A ação judicial, protocolada em um tribunal de Seul com o apoio do Database Center for North Korean Human Rights (NKDB), busca uma indenização de 50 milhões de wones sul-coreanos (cerca de 37 mil dólares) e solicita à Justiça que inicie uma investigação formal com base no princípio da responsabilidade de comando. Esse conceito jurídico, já utilizado em tribunais internacionais para julgar crimes de guerra, sustenta que líderes políticos e militares podem ser responsabilizados por atrocidades cometidas sob sua autoridade, mesmo que não as tenham ordenado diretamente. O advogado responsável pelo caso, Lee Young-hyun, também é um ex-refugiado da Coreia do Norte e atualmente o primeiro cidadão norte-coreano naturalizado sul-coreano a atuar como advogado no país.

Embora a Coreia do Sul não reconheça oficialmente o regime norte-coreano como Estado separado, sua legislação permite que crimes cometidos em território norte-coreano sejam julgados por suas cortes, uma vez que Seul considera toda a península como parte de seu território soberano. A expectativa, no entanto, é de que, mesmo em caso de condenação, as sanções sejam simbólicas, já que não há mecanismos práticos para fazer cumprir uma sentença contra Kim Jong-un. Ainda assim, o caso pode abrir precedente para futuras ações, tanto domésticas quanto internacionais.

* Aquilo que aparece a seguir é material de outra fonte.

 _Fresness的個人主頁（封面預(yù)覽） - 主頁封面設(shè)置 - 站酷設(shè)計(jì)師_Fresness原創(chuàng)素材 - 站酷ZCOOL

A denúncia surge em um momento em que governos conservadores, especialmente nos Estados Unidos sob a administração de Donald Trump, têm reforçado sua retórica contra regimes autoritários, sobretudo os comunistas. Em maio, o secretário de Estado norte-americano Marco Rubio citou em audiência no Senado a necessidade de pressionar o regime de Pyongyang e apoiar os desertores norte-coreanos em busca de justiça. A ação movida por Choi é vista por diplomatas sul-coreanos como um possível catalisador para aumentar a pressão sobre o regime, inclusive em instâncias como o Conselho de Direitos Humanos da ONU ou o Tribunal Penal Internacional, embora a Coreia do Norte não reconheça essas jurisdições.

As denúncias de Choi Min-kyung reforçam o extenso histórico de violações de direitos humanos documentado por missões da ONU e por organizações como a Human Rights Watch. Em 2014, uma comissão da ONU concluiu que o regime norte-coreano mantinha campos de prisioneiros políticos com práticas de tortura, assassinatos arbitrários, fome forçada e escravidão — muitos desses crimes classificados como “contra a humanidade“. Apesar da gravidade das acusações, pouco avanço foi feito no sentido de responsabilização judicial de altos membros do regime.

Ao tornar-se a primeira vítima a entrar com ação direta contra Kim Jong-un, Choi afirma que pretende dar voz a milhares de norte-coreanos que não tiveram a chance de escapar ou de contar sua história. “Nós somos testemunhas vivas“, declarou. “Devemos agir enquanto ainda podemos.